Details

    • Technical task
    • Resolution: Fixed
    • Major
    • Lustre 2.6.0, Lustre 2.5.1
    • Lustre 2.5.0
    • 9136

    Description

      Running the HSM stack as of July 15 2013, I see a hang when a release is issued while a restore is still running. To reproduce I run the following:

      #!/bin/bash
      
      export MOUNT_2=n
      export MDSCOUNT=1
      export PTLDEBUG="super inode ioctl warning dlmtrace error emerg ha rpctrace vfstrace config console"
      export DEBUG_SIZE=512
      
      hsm_root=/tmp/hsm_root
      
      rm -rf $hsm_root
      mkdir $hsm_root
      
      llmount.sh
      
      lctl conf_param lustre-MDT0000.mdt.hsm_control=enabled
      # lctl conf_param lustre-MDT0001.mdt.hsm_control=enabled
      sleep 10
      lhsmtool_posix --verbose --hsm_root=$hsm_root --bandwidth 1 lustre
      
      lctl dk > ~/hsm-0-mount.dk
      
      set -x
      cd /mnt/lustre
      lfs setstripe -c2 f0
      dd if=/dev/urandom of=f0 bs=1M count=100
      lctl dk > ~/hsm-1-dd.dk
      
      lfs hsm_archive f0
      sleep 10
      echo > /proc/fs/lustre/ldlm/dump_namespaces
      lctl dk > ~/hsm-2-archive.dk
      
      lfs hsm_release f0
      echo > /proc/fs/lustre/ldlm/dump_namespaces
      lctl dk > ~/hsm-3-release.dk
      
      lfs hsm_restore f0
      echo > /proc/fs/lustre/ldlm/dump_namespaces
      lctl dk > ~/hsm-4-restore.dk
      
      lfs hsm_release f0
      

      with the last command never returning.
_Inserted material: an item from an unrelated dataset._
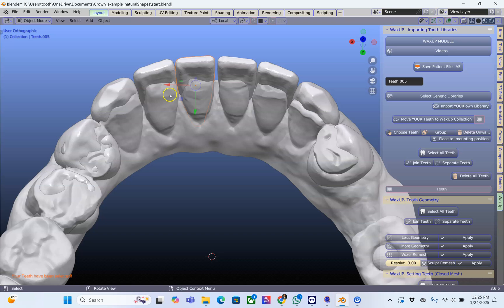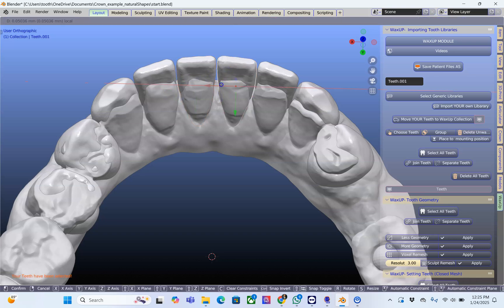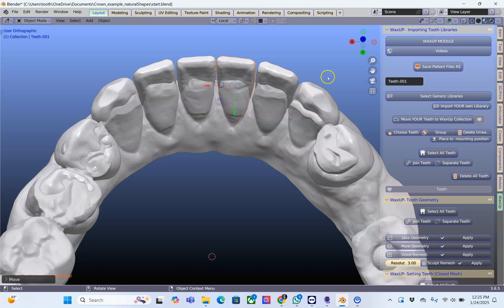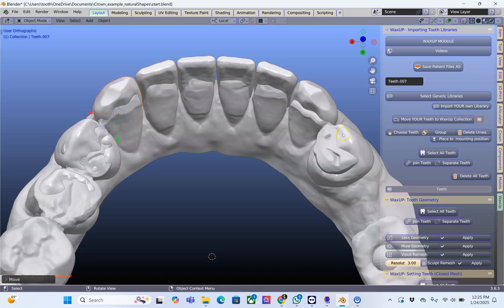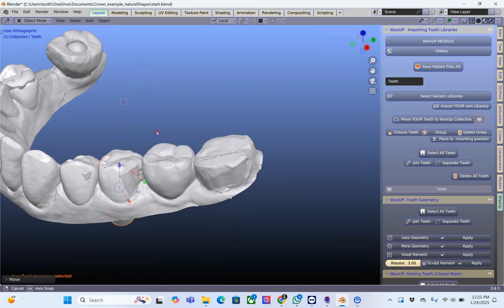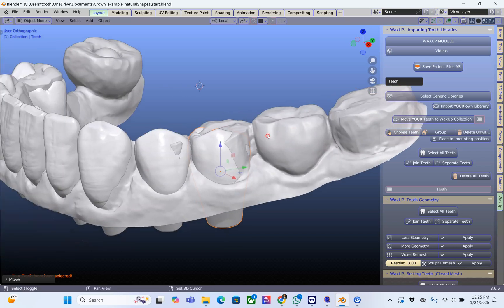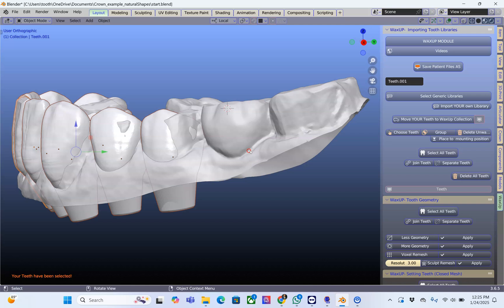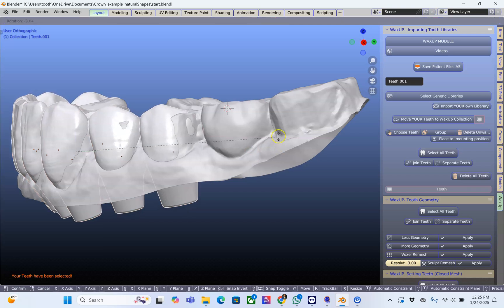This is not always the case though. I'll just close up the diastema over here and over here as well, and move this tooth forward. I'm going to look at it from the side and shift all of the teeth — select all — and we may need to rotate them a little bit as well.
The MDS_CLOSE handler looks like

      10070
      [<ffffffffa0f9866e>] cfs_waitq_wait+0xe/0x10 [libcfs]
      [<ffffffffa124826a>] ldlm_completion_ast+0x57a/0x960 [ptlrpc]
      [<ffffffffa1247920>] ldlm_cli_enqueue_local+0x1f0/0x5c0 [ptlrpc]
      [<ffffffffa08cee3b>] mdt_object_lock0+0x33b/0xaf0 [mdt]
      [<ffffffffa08cf6b4>] mdt_object_lock+0x14/0x20 [mdt]
      [<ffffffffa08f9551>] mdt_mfd_close+0x351/0xde0 [mdt]
      [<ffffffffa08fb372>] mdt_close+0x662/0xa60 [mdt]
      [<ffffffffa08d2c07>] mdt_handle_common+0x647/0x16d0 [mdt]
      [<ffffffffa090c9e5>] mds_readpage_handle+0x15/0x20 [mdt]
      [<ffffffffa12813d8>] ptlrpc_server_handle_request+0x398/0xc60 [ptlrpc]
      [<ffffffffa128275d>] ptlrpc_main+0xabd/0x1700 [ptlrpc]
      [<ffffffff81096936>] kthread+0x96/0xa0
      [<ffffffff8100c0ca>] child_rip+0xa/0x20
      [<ffffffffffffffff>] 0xffffffffffffffff
      

      while the MDS_HSM_PROGRESS handler looks like:

      10065
      [<ffffffffa0f9866e>] cfs_waitq_wait+0xe/0x10 [libcfs]
      [<ffffffffa124826a>] ldlm_completion_ast+0x57a/0x960 [ptlrpc]
      [<ffffffffa1247920>] ldlm_cli_enqueue_local+0x1f0/0x5c0 [ptlrpc]
      [<ffffffffa08cee3b>] mdt_object_lock0+0x33b/0xaf0 [mdt]
      [<ffffffffa08cf6b4>] mdt_object_lock+0x14/0x20 [mdt]
      [<ffffffffa08cf721>] mdt_object_find_lock+0x61/0x170 [mdt]
      [<ffffffffa091dc22>] hsm_get_md_attr+0x62/0x270 [mdt]
      [<ffffffffa0923253>] mdt_hsm_update_request_state+0x4d3/0x1c20 [mdt]
      [<ffffffffa091ae6e>] mdt_hsm_coordinator_update+0x3e/0xe0 [mdt]
      [<ffffffffa090931b>] mdt_hsm_progress+0x21b/0x330 [mdt]
      [<ffffffffa08d2c07>] mdt_handle_common+0x647/0x16d0 [mdt]
      [<ffffffffa090ca05>] mds_regular_handle+0x15/0x20 [mdt]
      [<ffffffffa12813d8>] ptlrpc_server_handle_request+0x398/0xc60 [ptlrpc]
      [<ffffffffa128275d>] ptlrpc_main+0xabd/0x1700 [ptlrpc]
      [<ffffffff81096936>] kthread+0x96/0xa0
      [<ffffffff8100c0ca>] child_rip+0xa/0x20
      [<ffffffffffffffff>] 0xffffffffffffffff
      

      The close handler is waiting on an EX layout lock on f0. While the
      progress handler is waiting on PW update lock on f0. dump_namespaces does not show that the UPDATE lock is granted.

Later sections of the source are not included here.